Make it apart of your daily routine:
Keep a small composting bin in your kitchen and add food scraps as you go. I guarantee children will quickly become the compost police and want to carefully separate what goes into the compost rather than the garbage. Have them rip up newspaper, cardboard, and egg cartons to add to the mix. Hey, maybe they will even volunteer to mow and rake to contribute toward the compost. In the summer, I dump the kitchen compost bin right into the outdoor bin daily. In the winter I keep a 5 gallon bucket on my porch so I don’t have to trek out in the cold. Keep a routine simple and approachable so everyone will follow it.
Compost and observe:
Imagine you are making a big parfait! Layer brown, carbon rich matter with green, nitrogen rich matter, sprinkle with soil, and repeat. If the pile looks really wet and slimy, add more brown items. If it’s dry, add more green as well as a periodic watering. Check on the compost often so your children can observe the magical changes and you can trouble shoot as needed. Look out for millipedes, sowbugs, and earthworms that will call it home sweet home- working hard to breakdown the organic matter into compost.

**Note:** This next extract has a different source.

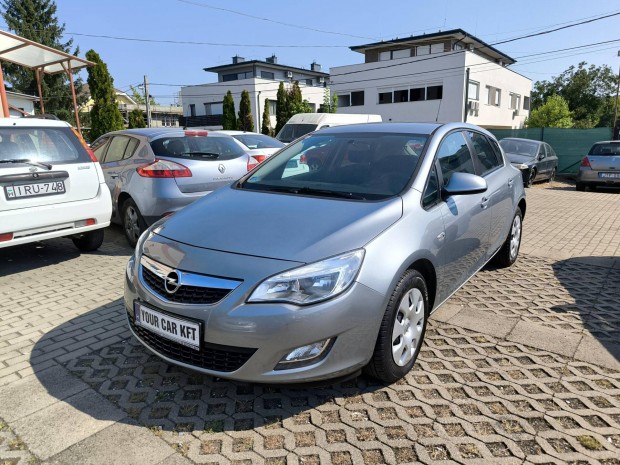 Opel Astra J 1.4 Enjoy 156000 KM! Jéghideg Klíma!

The process takes awhile to breakdown and mature. I compost all year long, and do one big harvest in the spring. Once your compost resembles beautiful crumbly black soil, it is ready for use! Add it to your garden as mulch, top soil, or use as potting soil. Children will delight in the full circle process and it will likely influence their interest in gardening and nature. If you end up with too much for your own use, give little bags away to neighbors and friends!
Don’t be afraid to get messy, and learn alongside your children. Composting is pretty foolproof and can be done in small or yardless areas too! Bask in the good you are doing for the planet and let it inspire your family to think of other ways to practice a more sustainable lifestyle.